From the line containing "Colt pocket hammerless" down to the last line of the entries, print each line exactly and leave the pictures out.

→ **SUPPLIED INFORMATION**
◆ ◆ ◆ ◆
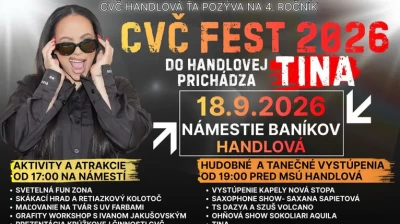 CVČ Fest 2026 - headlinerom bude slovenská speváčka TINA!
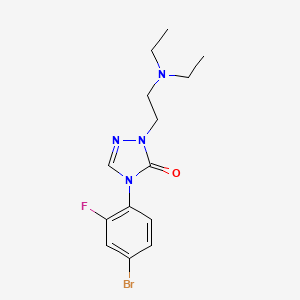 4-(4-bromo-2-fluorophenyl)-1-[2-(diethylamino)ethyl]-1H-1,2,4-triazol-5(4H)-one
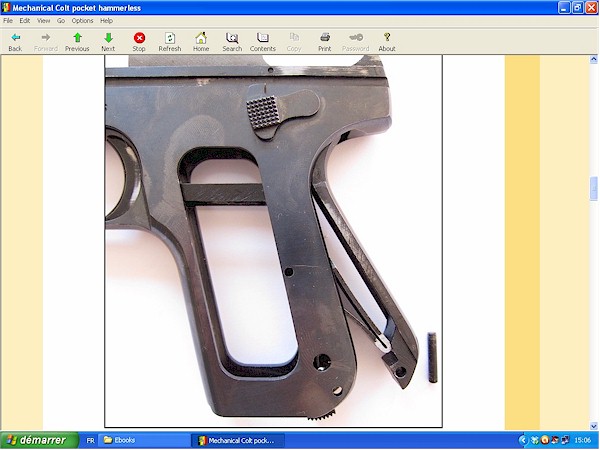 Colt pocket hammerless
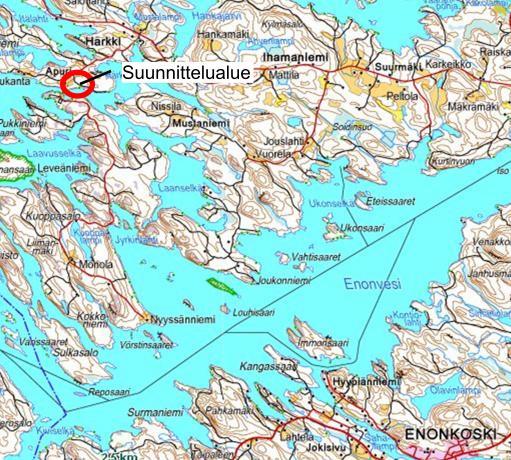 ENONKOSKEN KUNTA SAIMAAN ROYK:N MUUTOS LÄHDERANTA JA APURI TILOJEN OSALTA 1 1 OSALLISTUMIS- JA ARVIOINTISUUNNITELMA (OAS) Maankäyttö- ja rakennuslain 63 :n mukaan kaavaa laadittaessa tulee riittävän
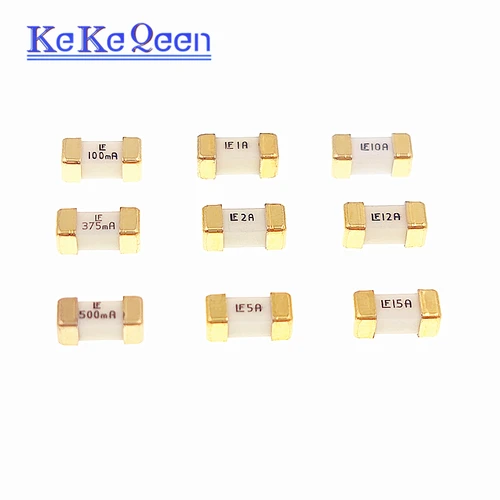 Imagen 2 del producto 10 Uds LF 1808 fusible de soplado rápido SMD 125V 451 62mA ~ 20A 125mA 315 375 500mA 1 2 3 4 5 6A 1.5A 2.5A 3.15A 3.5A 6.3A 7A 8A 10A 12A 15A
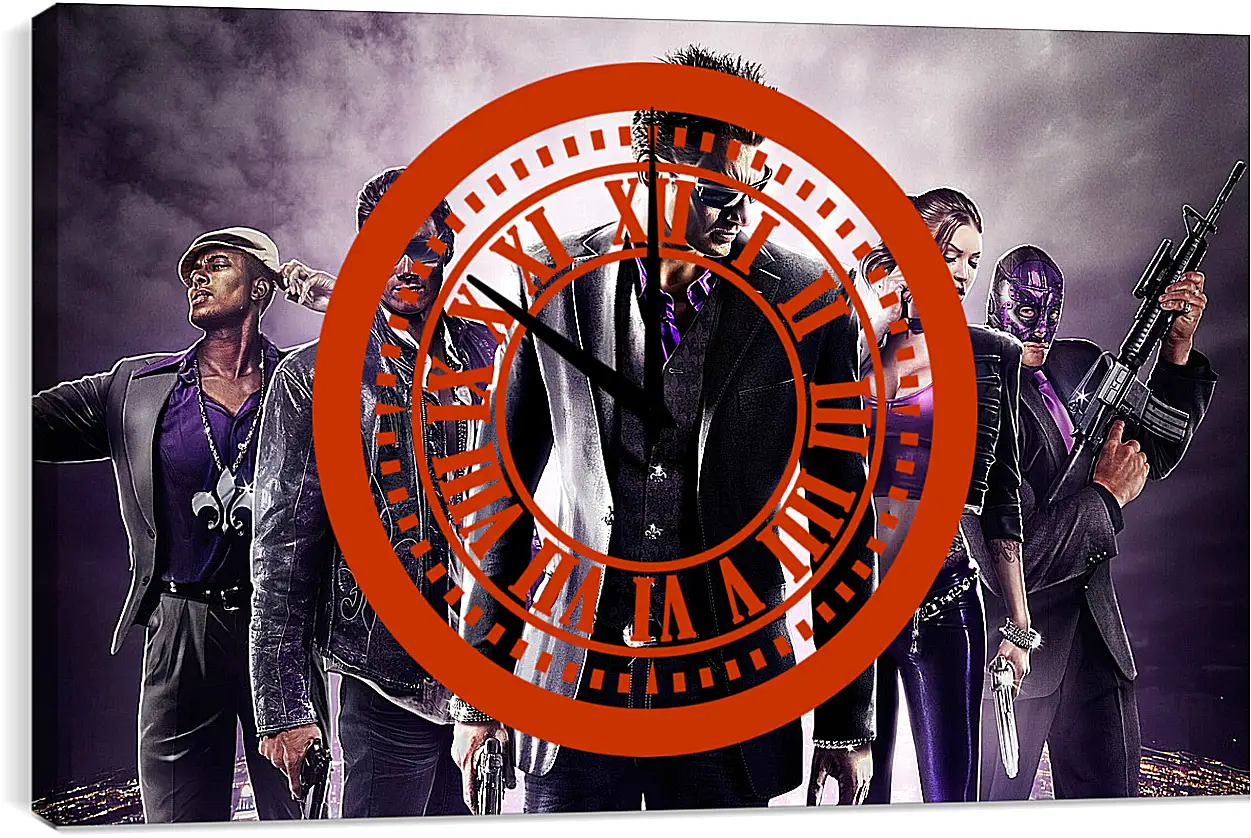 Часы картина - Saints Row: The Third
◆ ◆ ◆ ◆
→ **YOUR RESPONSE**
 Colt pocket hammerless
 ENONKOSKEN KUNTA SAIMAAN ROYK:N MUUTOS LÄHDERANTA JA APURI TILOJEN OSALTA 1 1 OSALLISTUMIS- JA ARVIOINTISUUNNITELMA (OAS) Maankäyttö- ja rakennuslain 63 :n mukaan kaavaa laadittaessa tulee riittävän
 Imagen 2 del producto 10 Uds LF 1808 fusible de soplado rápido SMD 125V 451 62mA ~ 20A 125mA 315 375 500mA 1 2 3 4 5 6A 1.5A 2.5A 3.15A 3.5A 6.3A 7A 8A 10A 12A 15A
 Часы картина - Saints Row: The Third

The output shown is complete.